Skip to content

StadGent/node_service_adlib-backend

Repository files navigation

Adlib backend

adlib-backend extracts, transforms and loads from an Adlib API into a database. This database is then used by eventstream-api that exposes event streams*.

* an event stream is a collection of versioned objects (a version is like an event) and can be updated anytime at their own pace (slow and fast data). This way, consumers can easily discover and harvest the latest changes.

Prerequisites

This project requires the installation of a redis memory store.

docker pull redis
docker run --rm --name local-redis -p 6379:6379 -d redis

Install

git clone https://github.com/StadGent/node_service_adlib-backend.git
cd node_service_adlib-backend
npm install

Configuration

Fill in config.tml with the password of the Adlib API you want to use.

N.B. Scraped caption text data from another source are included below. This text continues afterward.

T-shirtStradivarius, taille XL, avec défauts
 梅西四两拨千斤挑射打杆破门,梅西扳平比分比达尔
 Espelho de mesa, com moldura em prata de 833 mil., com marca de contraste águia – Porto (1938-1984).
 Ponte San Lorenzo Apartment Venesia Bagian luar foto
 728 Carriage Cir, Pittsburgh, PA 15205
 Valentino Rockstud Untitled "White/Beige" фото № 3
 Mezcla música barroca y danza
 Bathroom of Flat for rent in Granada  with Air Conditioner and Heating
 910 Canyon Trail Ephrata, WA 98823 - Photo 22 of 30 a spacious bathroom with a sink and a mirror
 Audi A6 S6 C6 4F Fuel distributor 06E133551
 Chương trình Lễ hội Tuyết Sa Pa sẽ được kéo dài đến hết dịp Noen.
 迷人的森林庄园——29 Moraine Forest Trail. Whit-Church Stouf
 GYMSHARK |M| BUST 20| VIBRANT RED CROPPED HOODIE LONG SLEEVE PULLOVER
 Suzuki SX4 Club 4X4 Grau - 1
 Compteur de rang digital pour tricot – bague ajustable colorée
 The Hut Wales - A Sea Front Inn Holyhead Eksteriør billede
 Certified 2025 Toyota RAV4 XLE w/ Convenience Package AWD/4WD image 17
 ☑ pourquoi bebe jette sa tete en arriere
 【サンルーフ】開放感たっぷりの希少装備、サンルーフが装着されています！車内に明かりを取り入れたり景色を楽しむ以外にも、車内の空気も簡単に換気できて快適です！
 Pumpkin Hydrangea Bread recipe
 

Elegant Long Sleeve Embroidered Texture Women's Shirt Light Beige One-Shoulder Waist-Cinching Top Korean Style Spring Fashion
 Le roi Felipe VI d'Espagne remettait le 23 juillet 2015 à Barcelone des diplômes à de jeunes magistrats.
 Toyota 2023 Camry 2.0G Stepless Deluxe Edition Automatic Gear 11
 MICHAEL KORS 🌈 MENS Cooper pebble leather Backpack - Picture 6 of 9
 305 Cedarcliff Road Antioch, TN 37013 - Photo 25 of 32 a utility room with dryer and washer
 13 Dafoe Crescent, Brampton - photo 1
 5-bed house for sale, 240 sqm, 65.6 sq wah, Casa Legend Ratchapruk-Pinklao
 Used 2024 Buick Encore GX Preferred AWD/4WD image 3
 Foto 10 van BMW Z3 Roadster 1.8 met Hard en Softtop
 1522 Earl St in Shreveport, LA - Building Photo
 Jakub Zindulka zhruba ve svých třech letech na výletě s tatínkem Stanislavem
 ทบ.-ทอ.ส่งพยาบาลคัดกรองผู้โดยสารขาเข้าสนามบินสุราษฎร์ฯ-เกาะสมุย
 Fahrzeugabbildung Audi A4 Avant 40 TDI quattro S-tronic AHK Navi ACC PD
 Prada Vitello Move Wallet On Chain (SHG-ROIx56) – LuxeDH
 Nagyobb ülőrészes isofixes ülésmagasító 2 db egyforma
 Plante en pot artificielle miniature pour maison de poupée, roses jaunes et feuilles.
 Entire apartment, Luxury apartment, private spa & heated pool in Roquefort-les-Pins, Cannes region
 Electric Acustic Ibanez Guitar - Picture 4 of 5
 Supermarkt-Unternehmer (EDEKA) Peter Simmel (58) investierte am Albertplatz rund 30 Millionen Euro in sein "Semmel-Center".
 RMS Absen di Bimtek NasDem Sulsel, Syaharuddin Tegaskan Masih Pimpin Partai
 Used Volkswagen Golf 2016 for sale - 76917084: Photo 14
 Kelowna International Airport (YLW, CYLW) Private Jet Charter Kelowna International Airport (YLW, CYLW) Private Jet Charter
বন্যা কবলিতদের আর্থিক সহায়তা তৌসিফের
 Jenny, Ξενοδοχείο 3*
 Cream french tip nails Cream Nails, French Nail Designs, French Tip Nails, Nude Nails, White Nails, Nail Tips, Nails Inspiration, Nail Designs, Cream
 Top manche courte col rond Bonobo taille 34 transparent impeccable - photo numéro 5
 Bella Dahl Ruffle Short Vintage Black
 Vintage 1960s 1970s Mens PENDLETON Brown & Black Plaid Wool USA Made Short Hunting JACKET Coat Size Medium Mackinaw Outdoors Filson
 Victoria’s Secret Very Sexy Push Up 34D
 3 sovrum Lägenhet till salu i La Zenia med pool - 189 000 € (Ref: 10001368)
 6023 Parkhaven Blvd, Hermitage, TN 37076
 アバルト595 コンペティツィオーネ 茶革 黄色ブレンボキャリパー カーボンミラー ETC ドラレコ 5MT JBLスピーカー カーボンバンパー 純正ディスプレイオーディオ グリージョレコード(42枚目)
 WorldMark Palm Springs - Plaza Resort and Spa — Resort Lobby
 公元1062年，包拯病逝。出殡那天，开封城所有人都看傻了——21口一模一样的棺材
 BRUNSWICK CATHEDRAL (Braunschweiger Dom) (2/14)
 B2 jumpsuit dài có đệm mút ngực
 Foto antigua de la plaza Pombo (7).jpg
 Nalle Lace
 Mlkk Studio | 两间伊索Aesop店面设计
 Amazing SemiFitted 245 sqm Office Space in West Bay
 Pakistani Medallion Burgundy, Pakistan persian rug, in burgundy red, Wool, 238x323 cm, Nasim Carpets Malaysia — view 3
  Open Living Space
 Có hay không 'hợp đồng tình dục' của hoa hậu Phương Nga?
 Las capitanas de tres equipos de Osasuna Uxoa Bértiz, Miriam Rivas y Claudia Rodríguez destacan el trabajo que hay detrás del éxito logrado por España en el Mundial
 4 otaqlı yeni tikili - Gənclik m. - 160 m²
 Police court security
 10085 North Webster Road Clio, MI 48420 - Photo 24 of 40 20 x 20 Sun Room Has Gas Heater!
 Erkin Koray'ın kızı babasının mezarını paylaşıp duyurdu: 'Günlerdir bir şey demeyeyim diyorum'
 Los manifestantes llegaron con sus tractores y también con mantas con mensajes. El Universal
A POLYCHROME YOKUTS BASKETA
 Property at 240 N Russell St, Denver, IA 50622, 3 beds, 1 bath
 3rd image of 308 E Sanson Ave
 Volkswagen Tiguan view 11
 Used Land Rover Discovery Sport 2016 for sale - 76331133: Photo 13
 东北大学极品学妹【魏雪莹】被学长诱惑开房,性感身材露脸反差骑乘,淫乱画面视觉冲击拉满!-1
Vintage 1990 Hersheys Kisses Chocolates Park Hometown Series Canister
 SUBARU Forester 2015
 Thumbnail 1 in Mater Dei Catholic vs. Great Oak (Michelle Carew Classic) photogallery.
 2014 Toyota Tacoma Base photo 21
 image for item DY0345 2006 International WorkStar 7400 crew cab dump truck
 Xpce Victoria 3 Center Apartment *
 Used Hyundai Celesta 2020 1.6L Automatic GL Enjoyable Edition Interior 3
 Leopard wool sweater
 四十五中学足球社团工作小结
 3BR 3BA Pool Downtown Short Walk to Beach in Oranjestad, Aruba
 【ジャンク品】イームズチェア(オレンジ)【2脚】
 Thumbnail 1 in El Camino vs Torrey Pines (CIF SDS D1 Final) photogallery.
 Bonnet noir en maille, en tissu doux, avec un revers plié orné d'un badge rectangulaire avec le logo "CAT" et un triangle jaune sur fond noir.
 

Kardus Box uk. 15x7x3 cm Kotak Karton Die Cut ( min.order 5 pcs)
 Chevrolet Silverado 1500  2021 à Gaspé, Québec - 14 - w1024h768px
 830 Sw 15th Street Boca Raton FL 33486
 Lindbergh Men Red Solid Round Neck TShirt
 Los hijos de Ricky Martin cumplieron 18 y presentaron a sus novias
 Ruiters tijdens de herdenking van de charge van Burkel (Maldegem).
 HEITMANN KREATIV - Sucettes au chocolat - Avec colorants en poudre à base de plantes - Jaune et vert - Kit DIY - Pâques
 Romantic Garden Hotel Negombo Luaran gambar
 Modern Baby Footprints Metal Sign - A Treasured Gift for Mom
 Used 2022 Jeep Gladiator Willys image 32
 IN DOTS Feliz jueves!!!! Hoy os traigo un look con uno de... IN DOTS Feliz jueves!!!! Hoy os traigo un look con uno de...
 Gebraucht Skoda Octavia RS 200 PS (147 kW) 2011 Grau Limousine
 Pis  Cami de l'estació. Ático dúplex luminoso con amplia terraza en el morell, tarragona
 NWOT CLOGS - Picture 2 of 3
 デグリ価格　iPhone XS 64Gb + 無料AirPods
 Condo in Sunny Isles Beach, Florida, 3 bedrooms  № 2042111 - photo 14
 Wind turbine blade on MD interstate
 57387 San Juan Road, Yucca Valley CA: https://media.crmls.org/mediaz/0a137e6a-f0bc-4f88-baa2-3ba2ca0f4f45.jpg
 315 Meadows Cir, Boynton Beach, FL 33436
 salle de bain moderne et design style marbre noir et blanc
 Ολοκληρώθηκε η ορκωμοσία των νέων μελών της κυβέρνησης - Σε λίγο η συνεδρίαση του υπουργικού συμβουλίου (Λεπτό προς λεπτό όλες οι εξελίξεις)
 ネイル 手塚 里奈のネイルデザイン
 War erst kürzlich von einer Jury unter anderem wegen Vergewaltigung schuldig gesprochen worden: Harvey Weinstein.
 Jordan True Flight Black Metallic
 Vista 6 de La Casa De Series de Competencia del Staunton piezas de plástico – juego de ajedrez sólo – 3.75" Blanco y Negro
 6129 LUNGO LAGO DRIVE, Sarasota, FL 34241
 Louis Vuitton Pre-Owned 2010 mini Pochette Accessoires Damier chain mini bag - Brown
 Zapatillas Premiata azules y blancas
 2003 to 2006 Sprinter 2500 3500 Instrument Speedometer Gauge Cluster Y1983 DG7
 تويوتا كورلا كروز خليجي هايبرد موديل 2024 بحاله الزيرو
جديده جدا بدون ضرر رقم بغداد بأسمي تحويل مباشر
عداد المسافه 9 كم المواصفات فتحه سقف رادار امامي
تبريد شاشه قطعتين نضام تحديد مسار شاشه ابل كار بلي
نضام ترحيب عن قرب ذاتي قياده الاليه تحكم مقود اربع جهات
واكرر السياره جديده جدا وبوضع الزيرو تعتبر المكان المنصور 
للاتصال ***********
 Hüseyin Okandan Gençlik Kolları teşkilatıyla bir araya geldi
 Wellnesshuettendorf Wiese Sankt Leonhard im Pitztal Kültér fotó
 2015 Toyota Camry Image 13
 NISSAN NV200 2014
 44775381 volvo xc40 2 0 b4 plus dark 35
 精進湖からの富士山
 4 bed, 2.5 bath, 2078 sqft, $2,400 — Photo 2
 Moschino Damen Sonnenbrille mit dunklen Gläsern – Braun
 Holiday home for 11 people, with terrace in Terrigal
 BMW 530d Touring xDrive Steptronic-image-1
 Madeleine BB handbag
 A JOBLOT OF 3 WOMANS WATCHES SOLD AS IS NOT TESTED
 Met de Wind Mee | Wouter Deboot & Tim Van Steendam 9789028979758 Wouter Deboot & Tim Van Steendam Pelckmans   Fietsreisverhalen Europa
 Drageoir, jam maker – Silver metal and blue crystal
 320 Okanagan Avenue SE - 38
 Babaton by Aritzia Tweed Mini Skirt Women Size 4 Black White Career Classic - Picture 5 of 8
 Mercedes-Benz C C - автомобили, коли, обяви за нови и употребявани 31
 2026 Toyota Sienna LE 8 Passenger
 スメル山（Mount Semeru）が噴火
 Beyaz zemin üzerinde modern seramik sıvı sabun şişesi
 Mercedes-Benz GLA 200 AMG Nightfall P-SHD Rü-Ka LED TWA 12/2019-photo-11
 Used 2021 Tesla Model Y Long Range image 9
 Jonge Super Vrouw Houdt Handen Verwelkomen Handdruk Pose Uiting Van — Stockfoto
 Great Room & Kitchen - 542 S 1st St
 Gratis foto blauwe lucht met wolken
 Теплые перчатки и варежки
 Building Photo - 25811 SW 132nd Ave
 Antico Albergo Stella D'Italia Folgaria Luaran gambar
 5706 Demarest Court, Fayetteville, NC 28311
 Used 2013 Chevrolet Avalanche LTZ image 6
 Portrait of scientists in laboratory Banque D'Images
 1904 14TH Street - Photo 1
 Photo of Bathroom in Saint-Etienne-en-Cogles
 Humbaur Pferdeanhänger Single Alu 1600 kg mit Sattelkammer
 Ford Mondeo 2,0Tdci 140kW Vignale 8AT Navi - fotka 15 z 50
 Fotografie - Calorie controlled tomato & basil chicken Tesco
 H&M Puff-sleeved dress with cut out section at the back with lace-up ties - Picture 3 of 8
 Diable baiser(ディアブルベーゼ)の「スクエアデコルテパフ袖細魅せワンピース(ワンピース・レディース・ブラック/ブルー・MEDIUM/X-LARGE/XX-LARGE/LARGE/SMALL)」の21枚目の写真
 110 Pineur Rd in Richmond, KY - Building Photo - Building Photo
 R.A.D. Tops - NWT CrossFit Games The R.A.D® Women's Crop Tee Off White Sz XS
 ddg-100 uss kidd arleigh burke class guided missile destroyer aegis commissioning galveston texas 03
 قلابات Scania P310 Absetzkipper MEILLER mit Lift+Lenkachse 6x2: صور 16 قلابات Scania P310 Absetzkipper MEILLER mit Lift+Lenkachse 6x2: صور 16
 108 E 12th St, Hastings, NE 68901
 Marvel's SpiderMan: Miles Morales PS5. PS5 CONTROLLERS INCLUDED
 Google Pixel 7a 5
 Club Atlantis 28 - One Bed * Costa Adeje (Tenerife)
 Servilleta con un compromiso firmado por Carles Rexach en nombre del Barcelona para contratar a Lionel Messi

adlib-backend uses an ORM (Sequelize) to support following databases: Postgres, MySQL, MariaDB, SQLite and Microsoft SQL Server. Fill in the connection URI in config.tml of the database you want to use. For example: 'sqlite://./eventstream.db' or 'postgresql://postgres:yourPassword@127.0.0.1:5432' or 'postgresql://postgres:yourPassword@yourDockerContainer:5432'

How to add a mapping

  1. Add a new block to config.tml with the abbrevation of the institution/dataset, for example ['dmg'] with dmg = Design Museum Ghent. This abbreviation will be used for the creation of URIs and as namespace for the event stream in the Web API. Fill in:
  • institutionName with the exact spelling (institution.name field) used in Adlib
  • institutionURI with a URI of the organization
  1. Create a new start... function inside app.js for your dataset/institution. Copy one of the start functions (e.g. startDmg) and rename it with your abbreviation.
  2. Add the new start... function inside the start function of app.js
  3. Adapt the option object so that the value of institution matches with abbreviation used in the configuration file.
  4. Adapt the option object so that the value of adlibDatabase matches with the database name in Adlib that needs to be harvested
  5. Adapt the option object so that the value of checkEuropeanaFlag whether the EUROPEANA field of a record needs to be "checked" in order to be published.
  6. Create a specific mapper (for example: TestMapper.js) in the folder mappers for your dataset. Copy (e.g. dmgMapper.js) and rename an existing mapper to do this.
  7. Import your mapper in app.js by adding an import statement, for example import TestMapper from './lib/mappers/TestMapper'; Also, rename the mapper in the start... function
  8. To add new mapping functions for your mapper, create a new function in mappers/utils.js in a similar way as the existing functions.

Run

CLI

Run following command to start harvesting the Adlib API:

npm start

By running with the NPM command above, versioning is enabled by default using environment variable npm_package_version created from package.json. If you want to run with node app.js,then you need to manually set environment variable npm_package_version to enable versioning:

npm_package_version=0.0.1 node app.js

When npm_package_version is not defined, then the Members table will be emptied and all objects from Adlib will be harvested again. When npm_package_version is updated, all objects from Adlib will be harvested BUT the already harvested objects will still be maintained (append to the event stream).

Cronjob

You can configure in config.tml when to periodically run app.js. Fill in schedule following the cron syntax, for example every day at midnight (0 0 * * *)

Clean data

If you want to clean up your database (e.g. you updated the mapping of the event stream), then you need to clean the Members table of the database manually.

This can be configured in the future if preferred.